- DVD cover
- Directed by: Thaha
- Written by: Govind Padman Mahesh Mithra
- Produced by: S. V. Thangaraj
- Starring: Murali Radha Vadivelu
- Cinematography: Selva R.
- Edited by: P. C. Mohanan
- Music by: Bharani
- Production company: Yuvasree Creations
- Release date: 30 August 2002;
- Running time: 160 minutes
- Country: India
- Language: Tamil

= Sundara Travels =

Sundara Travels is a 2002 Tamil-language comedy film directed by Thaha. The film stars Murali, Radha, and Vadivelu. Vasu, Sabitha Anand, and Vinu Chakravarthy appear in supporting roles. Written by Govind Padman and Mahesh Mithra, it is a remake of their Malayalam film Ee Parakkum Thalika (2001). The music was composed by Bharani, with editing done by P. C. Mohanan. The film released on 30 August 2002.

== Plot ==
Gopikrishna (Murali) owns and drives an old bus which was received as compensation for his father's road accident. Gopi now faces many consequences due to the bus's pathetic condition. He had sold many valuable things to maintain the bus, and his friend Azhagu (Vadivelu) was his only companion and the bus's cleaner. A mouse had eaten Azhagu's passport and spoiled his chances of going abroad. Some part of the film's comedy involves Azhagu running behind the mouse for revenge. A live TV show in which Gopi insults the City Traffic Commissioner (Vinu Chakravarthy) lands him in more trouble when the latter commands Gopi to leave the city with the bus. His other friends, lawyers, and well-wishers try to help him with a bank loan to convert his bus into a food truck. The plot took a turn when a girl named Vasanthi (Radha) enters the bus as a nomad, but she was actually Gayathri, the daughter of an influential and politically powerful minister (P. Vasu) in Puducherry. Her father forced her to join politics, which made her leave home. Initially, Gayathri declines to leave the bus, despite Azhagu's and Gopi's constant efforts. The police traces her and takes her back to her father's custody.
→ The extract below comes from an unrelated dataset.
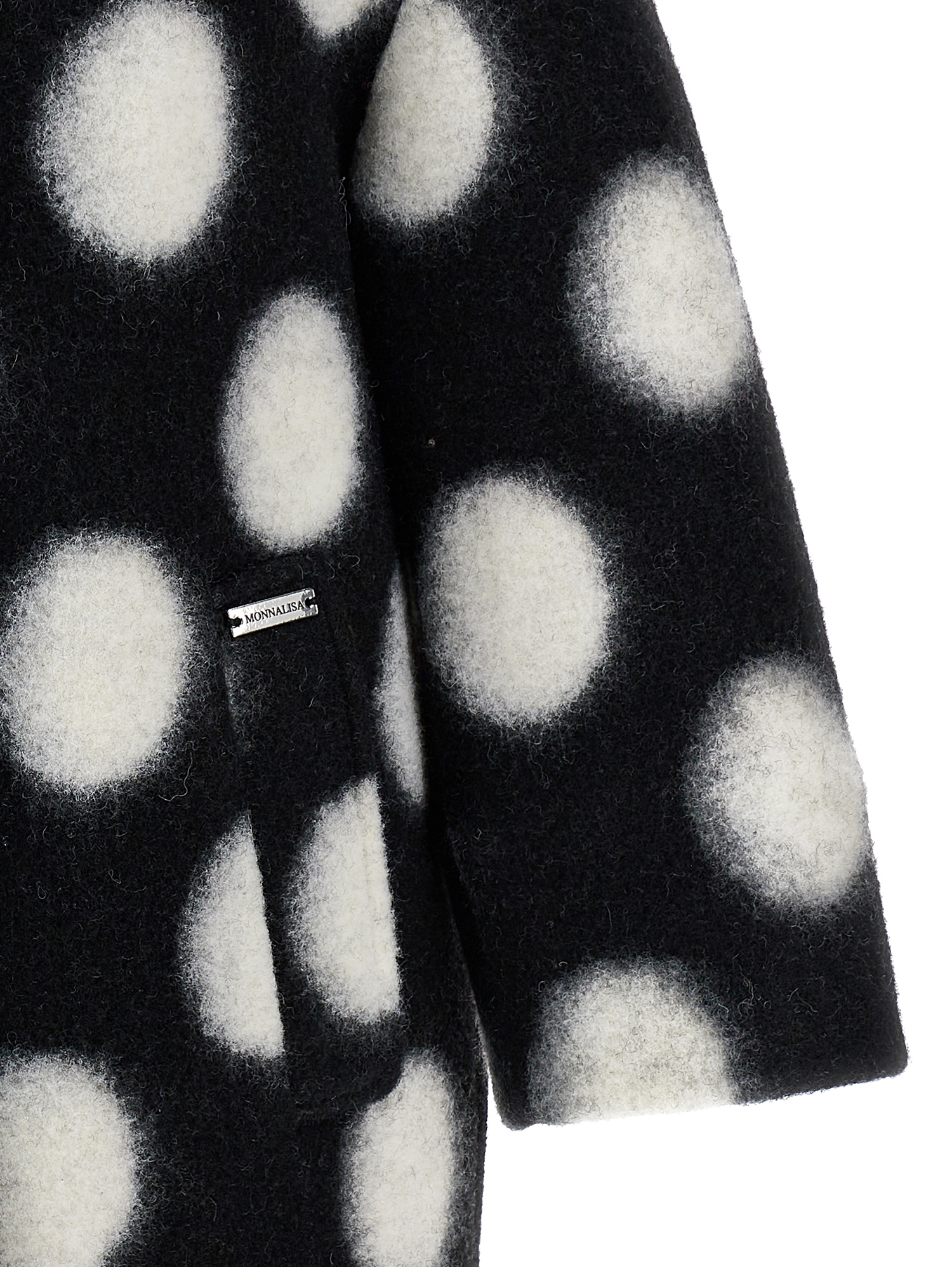 Monnalisa Polka Dot Boiled Wool Coat In Black + Cream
Her father was making arrangements for her marriage with someone else. Meanwhile, Gopi realised that he could not live without Gayathri. Gopi and Azhagu secretly enter her house, and finally, all ends well as he wins over Gayathri's father.

== Production ==
The film's shooting commenced at Kodaikanal, and held at locations in Kerala and Thenkasi.

== Soundtrack ==
The soundtrack was composed by Bharani. The song "Kannum Kannum" was later reused as "Ding Ding" in the Telugu film Siva Rama Raju.

Track listing
| No. | Title | Lyrics | Singer(s) | Length |
|---|---|---|---|---|
| 1. | "Adada Oorkulathil" | Pa. Vijay | Swarnalatha, Tippu | 4:51 |
| 2. | "Nee Sandhanam Poosiya" | Newton | P. Jayachandran | 5:09 |
| 3. | "Sundara Travels" | Snehan | Tippu | 3:40 |
| 4. | "En Nenjukkul Veesiya" | Newton | P. Unnikrishnan | 5:09 |
| 5. | "Malligai Poovukku" | Pa. Vijay | P. Jayachandran | 4:52 |
| 6. | "Kannum Kannum" | Snehan | Krishnaraj | 4:33 |
| Total length: |  |  |  | 28:14 |

== Critical reception ==
Malini Mannath of Chennai Online wrote, "‘Sundara Travels' originally made in Malayalam as 'ee Parakkum Thaliga' was scripted and directed by Thaha and was a success in Kerala. So were its versions in Telugu and Kannada. Thaha directs the Tamil version, and probably to go with the so called ‘nativity’ factor, it is comedy that’s a bit too loud for comfort".

S. R. Ashok Kumar of The Hindu wrote, "The director starts off very well but loses steam midway and presents something predictable".